TACA board member Diane Souder was born in Detroit and grew up in Birmingham, Michigan.  She graduated from Mount Holyoke College in South Hadley Massachusetts with a degree in Urban Studies and got her Masters of Urban Planning from the University of Michigan. To get some work experience she decided to become a VISTA Volunteer and moved to Albuquerque to “eradicate poverty.” She immediately fell in love with New Mexico.

One of her first planning projects with the UNM Design and Planning Assistance Center in 1976 was to help the village of Madrid incorporate.

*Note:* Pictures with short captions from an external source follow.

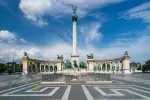 Scenic view Heroes' Square in Budapest, Hungary with Millennium Monument, major attraction of city under picturesque sky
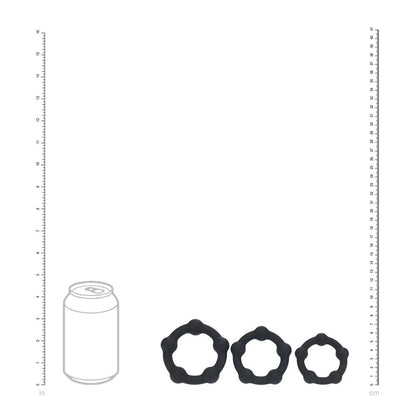 LEVELZ Beaded Silicone Cock Ring Set of 3 - Black Cock Rings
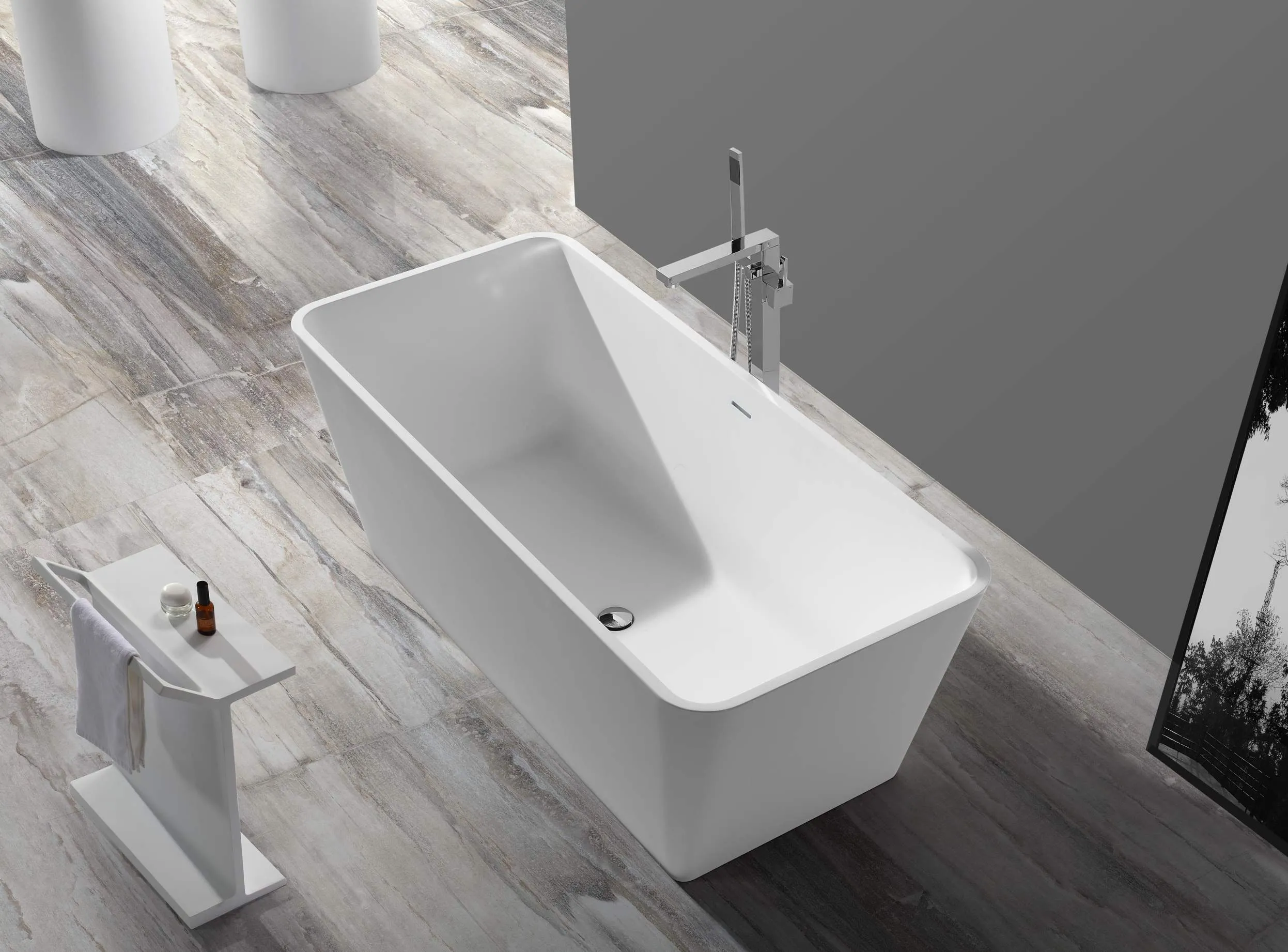 Geometric Stone Bath - 1560mm - B042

She asked a resident why they moved to Madrid.  “To get away from people like you!” was the response.  She never forgot that in her entire planning career.

In 1978, she joined the Heritage Conservation and Recreation Service and worked with communities in Louisiana, Arkansas, Oklahoma, Texas and New Mexico. Projects involved National Register sites and Nominations, National Landmarks, Wild Rivers, Land and Water Conservation Funded recreation areas and the Urban Park and Recreation Recovery Program.  When HCRS was abolished in 1981 programs were absorbed by the National Park Service and so was she, working in the Southwest Regional Office in Santa Fe.

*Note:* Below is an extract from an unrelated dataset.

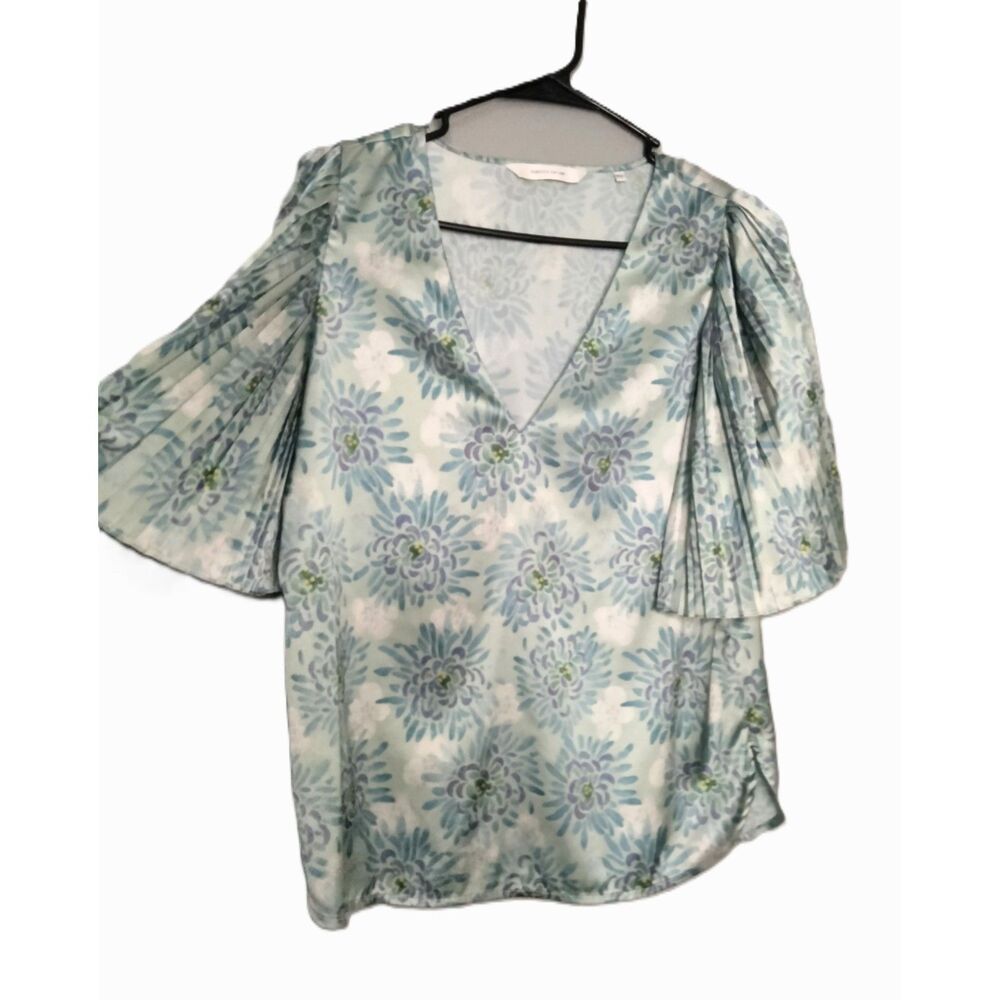Rebecca Taylor ~ Blue Purple Floral V-Neck Top ~ Size S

In 1990, because of her contacts as co-Chair of the National Open Space Conference, she was assigned to a 90 day detail as the first employee at Albuquerque’s Petroglyph National Monument. This became a permanent career, from which she retired in 2018. She worked on creating a General Management Plan, as a Volunteer Coordinator, Public Affairs Manager and Chief of Interpretation and Outreach. 

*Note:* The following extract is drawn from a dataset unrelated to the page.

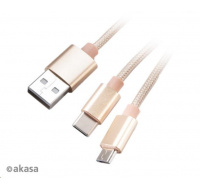 AKASA kabel 2v1 USB Type-A na Micro-B a USB Type-C, 120cm, zlatý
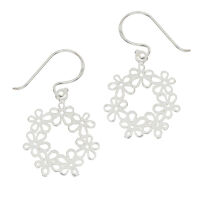 Silver Earrings - Flower Wreath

Diane’s first house was in the South Broadway neighborhood and she helped to form the neighborhood association.  The tiny brick house allowed her to try out skills she had read about:  repointing bricks, stripping paint and making stained glass. Some of these skills were perfected, others not.

She currently lives in the Huning Castle neighborhood and remains involved in neighborhood affairs and protection of the nearby Open Space.  Married to architect Jim Graf, they have two daughters, all of who love Albuquerque and New Mexico.  Diane has been on the TACA Board for years and chaired the TACA Awards event many times.